Hydrocarbon-bearing sand units in San Jorge basin, Argentina, exhibit a wide range of spatial variability and thickness. In view of this, a typical well is planned to vertically intersect as many sand units as possible. There are several problems faced by the petrophysicist in assessing whether a given sand unit should be perforated:
discrimination between oil- and water-bearing sands is not trivial because of very low-salinity water,
there exist substantial vertical variations of effective porosity within an individual sand because of shale laminations, and
it is often impossible to assess lateral extent away from the well.
We have successfully addressed most of these difficulties with an interpretation procedure centered on the 2D inversion of wireline array induction data. Two-dimensional inversion of array-induction data is necessary for the accurate estimation of shallow and deep resistivities, as well as the invasion length in light of significant shoulder-bed effects. This procedure has been complemented with the use of borehole nuclear magnetic resonance (NMR) data to provide estimates of effective porosity within individual sand units. Finally, we have made use of geostatistical inversion of 3D post-stack seismic data to estimate the lateral extent of hydrocarbon- bearing sands laterally away from wells. We present several application examples that yield results consistent with borehole testing and production data.
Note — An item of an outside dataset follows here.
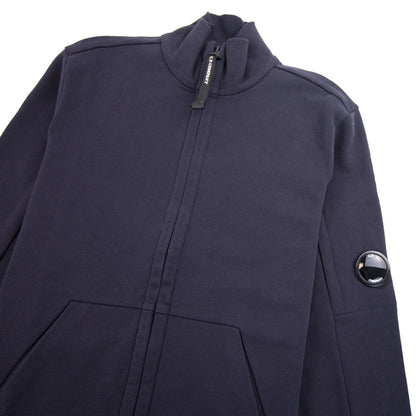 CP Company Funnel Neck Watch-viewer Lens Zip Up Sweatshirt Navy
Located in the heart of Patagonia, and extending from the Atlantic Ocean to the Andean foothills, San Jorge basin accounts for 32% of the hydrocarbon production in Argentina (see Fig. 1). The origin and subsequent geological evolution of the basin are caused by the rift process responsible for the opening of the Atlantic Ocean in early Jurassic times. Accumulation of terrigeneous sediments continued until well into early Cretaceous times.1 Clastic deposition in the hydrocarbon-producing zone is characterized by thick shale laminations of lacustrine and flood-plain origin, interspersed with much thinner and laterally sparse sand units that today serve as hydrocarbon reservoirs. The relatively small concentration of sand units in the sedimentary column is explained by their ephemeral fluvial origin, which could only account for effective clastic accumulations between 0.5 and 15 m (but predominantly thinner than 4 m). Starting in early Cretaceous times, Andean tectonism caused yet another significant perturbation of the sedimentary column in the form of finely laminated deposits of pyroclastic origin (tuffs) associated with intermittent pulses of volcanic activity. These pyroclasts ranged anywhere from thin ash beds to welded tuffs several meters thick. The presence of tuffs significantly altered the original petrophysical properties of existing sand units. Subsequent structural deformation also adversely modified the already marginal porosity and permeability of the sands and caused extensive fracture damage to the existing tuff units.
In this paper, we focus our attention on oil-producing sand units within the Bajo Barreal formation (mid- and upper-Cretaceous age), buried at depths between 1200 and 2900 m. Fig. 2 is an outcrop of the Bajo Barreal formation showing a representative sand/shale/tuff sequence with bed thicknesses similar to those encountered in the hydrocarbon-producing zone. A close-up view of an individual sand unit, shown in Fig. 3, exhibits a fluvial cross-bedding structure and is bounded by clastic debris and tuff units above and below.
The petrophysical interpretation of well-log data in San Jorge basin is not trivial. Not only are shale and tuff laminations in sand units difficult to detect and quantify, but the low salinity of connate water also makes it hard to differentiate water- from oil-bearing sands with their resistivity signatures alone. To compound this problem, fractured tuff units and associated debris have a tendency to develop resistivity and spontaneous potential (SP) responses similar to those of permeable sands. Sampling of formation fluids also has evidenced substantial variations in the salinity of connate water, making it extremely difficult to assess fluid saturations by traditional means, even with the help of core data. The presence of shale and tuff debris in sands causes significant variations in the sand's effective porosity and permeability. Several approaches have been put forth to solve this problem. Most notably, Khatchikian and Breda2 have used array-induction data to differentiate oil-bearing from water-bearing sands, as well as to predict fluid production in tuffaceous sandstones. Their procedure makes use of the ratio between the short and long spacings of array-induction measurements to characterize both the mud-filtrate-invasion process and the formation fluids. Corbelleri et al.3 and Solanet et al.4 have reported the use of NMR measurements to perform petrophysical evaluations of tuffaceous sands in San Jorge basin. The proposed method has been used successfully to predict effective saturations and porosities in highly laminated sands; it also has been used to predict production enhancement with hydrofracturing operations. A thorough technical review of these petrophysical projects in San Jorge basin shows that when properly interpreted, array-induction measurements can provide a quantitative indication of types of fluid and mud-filtrate invasion in permeable sands, and that NMR measurements can provide an assessment of effective porosities and fluid saturations.